Monday, December 1, 2008

Eu falo um pouquinho portugues

Fortunately, I have escaped the firm grip of Rio de Janeiro. The city is as diverse as one could imagine and in an incredible setting (although the weather sucked). The city offered many neighbourhoods to wander, busy streets packed with vendors, beaches, architectural highlights and stark juxtapositions between wealth and poverty. A few more connections meant that I had a chance to meet some very kind architects and recent grads and proceed to mostly nod my head and pretend I understood as they rattled off their opinions on Brazilian architecture.

Rio Critical Mass: Ultima sexta-feira, 18 horas, praia de Botafogo. It was rather solitary - it seems as though (in a very Brazilian way) nothing works out as was originally planned. I do not know if I had the wrong spot or if nobody showed up.

The nightlife has been something like: day 1 sleep, day 2 jorge ben jor live at the fair, day 3 live samba club in a 19th century mansion, day 4 Arcos de Lapa street party.


Stacked Urbanism: a few notes on favelas in Rio:

This is Favela Rocinha, the largest favela in Brazil with approx. 130 000 inhabitants.
It is located in the Zona Sul, very close to Gavea and Leblon, the wealthiest neighbourhoods in the city. Rocinha is a well established favela and has benifited from government infrastructure programs. It has water, sewers, electricity, shops, retaurants, nail salons, public buses yet only a couple of streets.

The much smaller Favela Villa Canoas. The informal urbanism in this favela transforms the notion of what is a street. The alleys of this favela become the corridors of an endless informal building, and each house/room becomes a form of apartment. Integrated in the most visible manner are all types of infrastructures such as tangles of wires, open storm sewers and even shops and bars.

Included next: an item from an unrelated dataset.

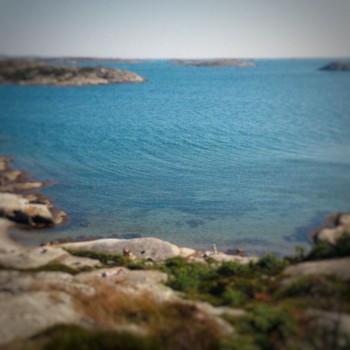 MulligSkbg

These two favelas may be poor, but you do not see misery nor the hundreds of homeless living on the streets of downtown. However, not all favelas are the same. Only some of Rio s estimated 750 favelas are well established and have some types of infrastructures. The favelas in the Zona Norte (where the vast majority of the population lives) are much worse off due to their distance from existing infrastructure and lack of access to jobs.

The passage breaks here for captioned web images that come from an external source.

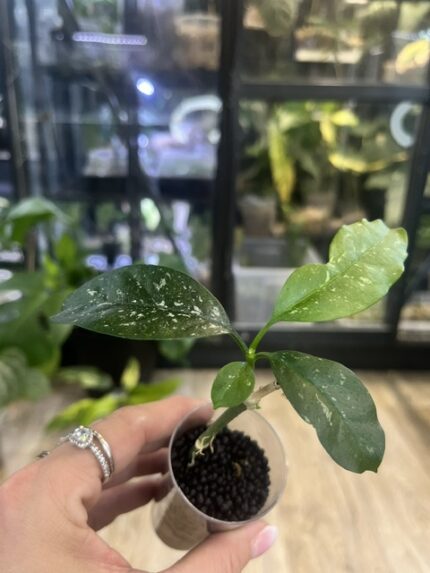 Hoya occultata splash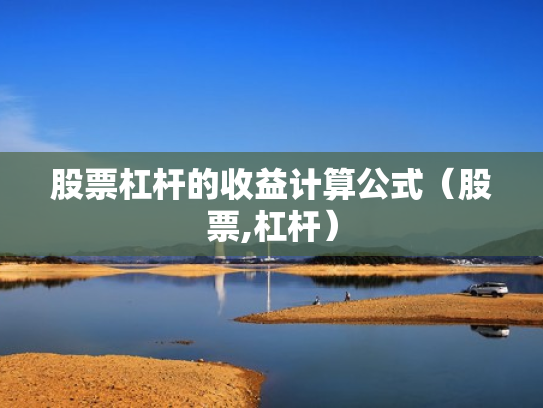 股票杠杆的收益计算公式（股票,杠杆）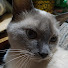 k7xFagNEzpU-channel-avatar-Raksi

The past week has been somewhat of a cultural marathon. There are countless museums and cultural centres in both Rio and Sao Paulo. Some have very good collections housed in boring buildings, others have terrible expositions in fascinating buildings.

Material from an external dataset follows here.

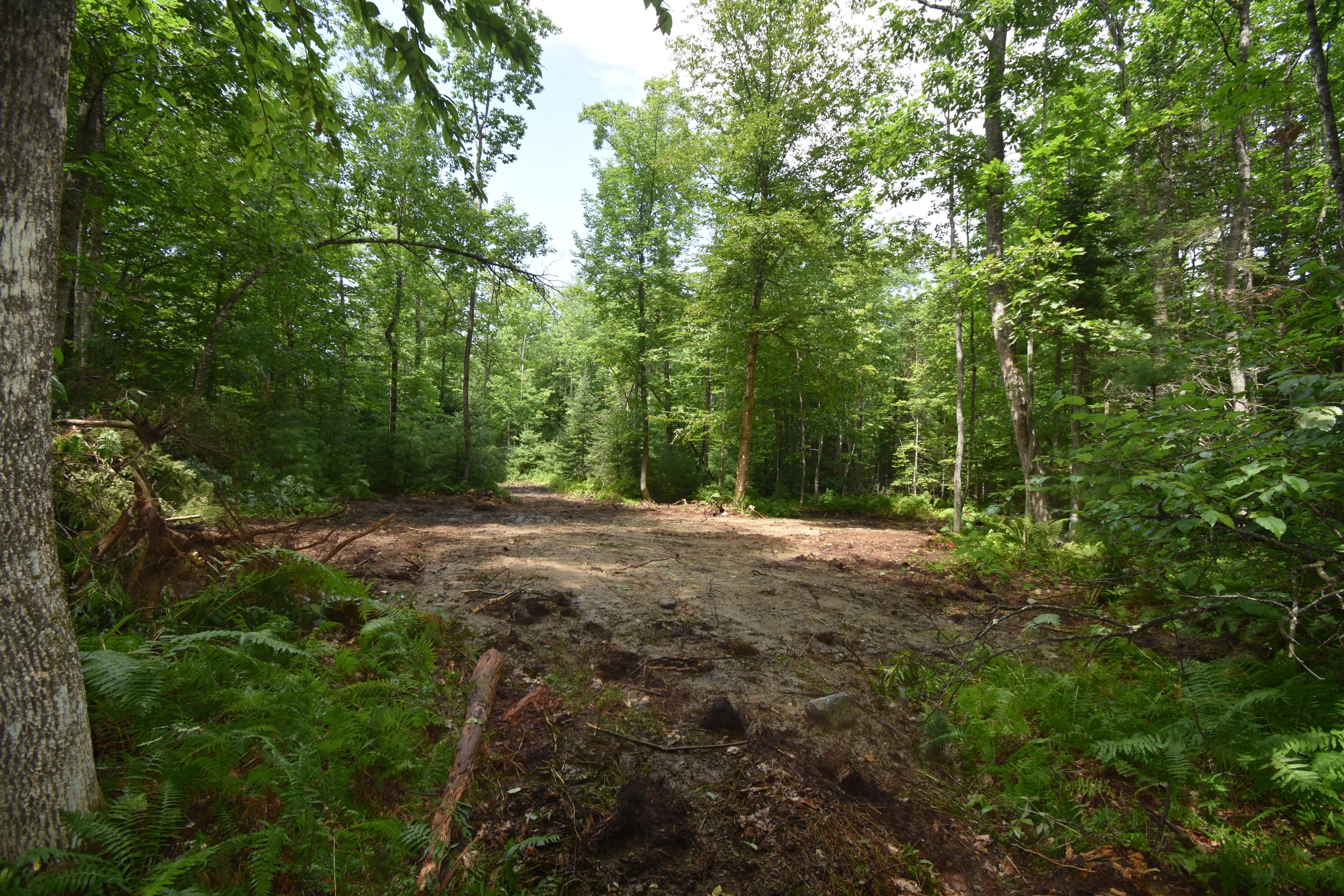 0 Winthrop Road Readfield, ME 04355 - Photo 63 of 69 DSC_0617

Alex Flemming: Sistema Uniplanetario In Memoriam Galileu Galilel, MAM RJ


28th Sao Paulo Bienal, 2nd Floor: Open Plan


On a more solemn note, in the past couple weeks Brazil has has experienced extremely bad flooding in the state of Santa Catarina and several other states. Thousands are homeless and unfortunately many people have died. No flooding has happened in Rio or Sao Paulo.